Held - On the point of claim being time barred, the notification does not specify that certificate should be available with the assessee at the time of clearance itself - Therefore, even in the case of subsequent production of certificate the benefit of notification has to be extended to the assessee - In support there are numerous decisions of Tribunal like CCE Vs. Dynaspede Integrated Systems Ltd. as well as the SC in the case of CC (Imports), Mumbai Vs. Tullow India Operations Ltd. - Moreover, the assessee wrote a protest letter indicting that they are entitled to the exemption and are awaiting issuance of the certificate - In addition, they requested the Revenue for refund of the excise duty so paid by them - Therefore, it is concluded that duty was paid under protest - Next, w.r.t. unjust enrichment the rate collected deemed to be inclusive of all the taxes that the contractor has to pay for performance of the contract - Therefore, the assessee did not charge and collect separately the excise duty element from their buyer - Therefore, the duty element has not been included in the tender rate and the same was not collected from the State Government - Hence, the order challenged is upheld: CESTAT (Para 3, 8, 9, 10,11) - Revenue's appeal dismissed: CHENNAI CESTAT
2018-TIOL-2229-CESTAT-MAD
Real Talent Engineering Ltd Vs CC & ST
CX- In the present case, the raw materials were supplied by the principal manufacturer further sent them to job worker and then to assessee - After carrying out the manufacturing activity, the goods were cleared back to principal manufacturer who used such goods for further manufacture at their end - The issue relates to determination of valuation with reference to the excisable goods manufactured and supplied by the assessee to supplier of the raw material.

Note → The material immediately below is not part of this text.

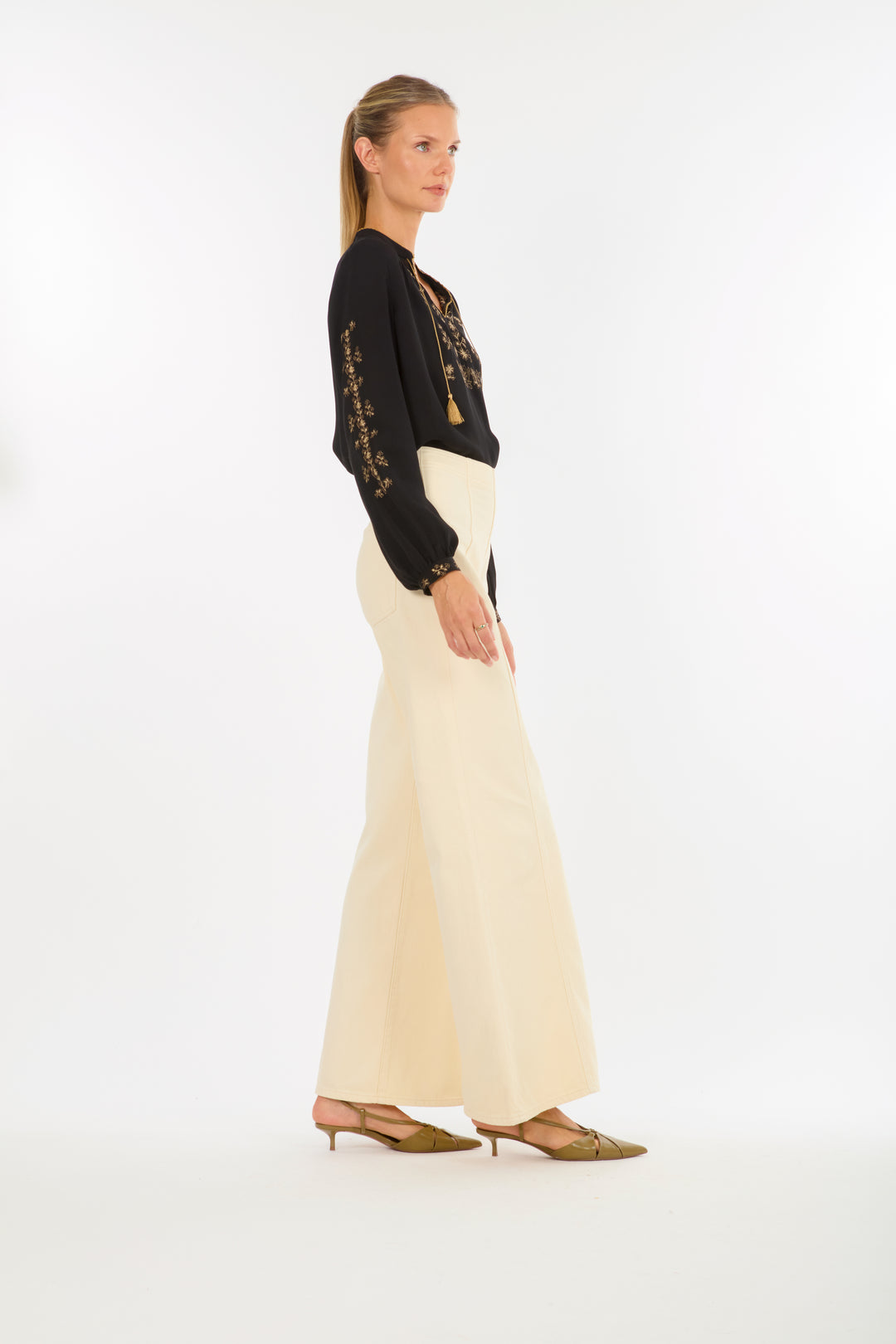 Serah Blouse - Silk Double Georgette with Embroidery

Held - With respect to applicability of Rule 10 (i) and (ii) of the Central Excise Rules, the intermediate products manufactured by the assessee has not been consumed by the principal manufacturer or the job worker - Since this is not a case of the principal manufacturer immediately selling the goods manufactured by the assessee - Therefore, this rule is not applicable - The lower authorities have added a notional amount @ 1.4% of the cost of raw material for assessable value - This was done on the basis of decision of SC that the duty payable on intermediate goods was discharged on the basis of cost of the raw materials plus processing charges in the case of Ujahar Prints Ltd. - In respect of this issue, it is held that the the correct landed cost of the raw materials will need to be worked out with the support of the certificate of the authorized/qualified Cost Accountant - Therefore, the matter is remanded for de novo adjudication - In addition, the demand by invoking extended period of limitation is set aside - Therefore, the demand is limited to the normal time period & penalty is deleted - Hence, the order challenged is set aside : CESTAT (Para 1,4,5,6) - Appeal dismissed: CHENNAI CESTAT
CUSTOMS
2018-TIOL-2225-CESTAT-MUM
Bentee Organoclays Pvt Ltd Vs CC
Cus - Appellant had imported Bentonite Clay and classified the same under CTH 250810 and which was allowed by the department - later, SCN was issued alleging that the said goods are "Toncil Optimum 210FF" and as per Board Circular 32/2002-Cus are classifiable under CTH 3802 9019 as ‘Activated Bentonite clay' attracting higher rate of duty.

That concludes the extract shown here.